Looking forward to the next chapter.


----------



## annaleah (Jul 6, 2010)

*Note: I know my grammar and what not is not the greatest, I've been out of high school for 12 years, so work with me..lol. I'm not aiming for perfection here,just telling my story.....*


*Chapter 2.....*



We finally pulled into the drive-way after what seemed to be a forever trip down winding old gravel country roads. We parked next to an old house and I could see as I stepped out of the truck a poorly put together barbed wire paddock but saw no horse yet. My heart was racing at the unknowing I was about to encounter.

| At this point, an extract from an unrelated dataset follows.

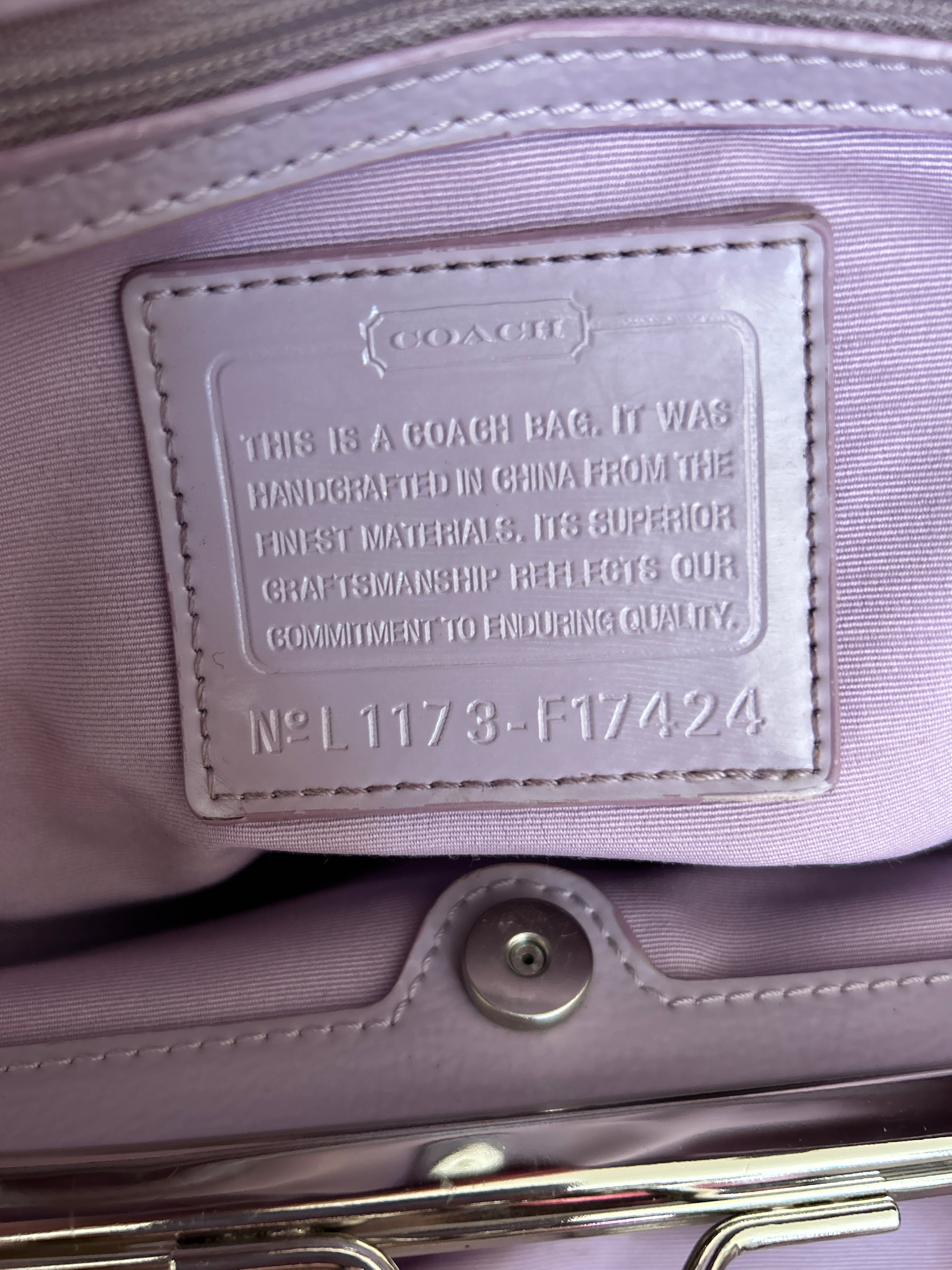 Vintage Coach lilac kisslock shoulder bag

As I walked towards the fence Josh warned me not to get too close, so I stopped a few feet from it and suddenly heard a loud angry sounding whinny,alomost like a warning call. My eyes opened wide as I looked around the acre sized paddock trying to find the source of this angry call. I then heard hoofbeats thundering the ground and getting louder and louder as he got closer. My heart pounded in my ears almost deafening me as I locked eyes with this angry horse. Josh left to hunt down his sister who was coincidentally coming home from a trail ride. She rode up the drive-way to where we were, dismounted and tied her horse up and walked over to me. She introduced herself and began to tell me a little more about this mystery horse. She began to tell me that when she was up at a horse show in ohio that she had come across a couple that was desperatly looking to get rid of a horse they had. She took a look at him and knowing he wasn't broke and a little on the wild side decided to take him home. She ended up trading a show saddle for him and the couple was relieved to have him gone. As I listened, I noticed scars across his boney back and wondered how he had so much energy to stomp and rear and charge the fence. You could see every rib, his hip bones, his butt bone stuck out, and the bones of his shoulders. He was a dirty steel grey though you wouldn't notice it really cause there were patches of hair missing and his mane was short and shredded from him sticking his head through a barb wire fence, and his tail was badly tangled and barely reached his hocks. His hooves suprisingly weren't in that bad of shape, they needed a good trimming,but there were no large cracks or pieces missing. He had a beautiful typey head that was somewhat hidden by his 'wild eye' and pinned back ears. Trish had told me that the only way she can catch him is by chasing him down with her four wheeler and even then he gives her a run for her money. His name was Regalo,but they called him Reggie....

I think this is a good place to stop for now...
chapter 3 coming soon!


----------



## speedy da fish (May 7, 2009)

subbing


----------



## ricoscowgirl2213 (Aug 28, 2010)

Can't wait to read more  hurry up with chapter 3 lol
_Posted via Mobile Device_


----------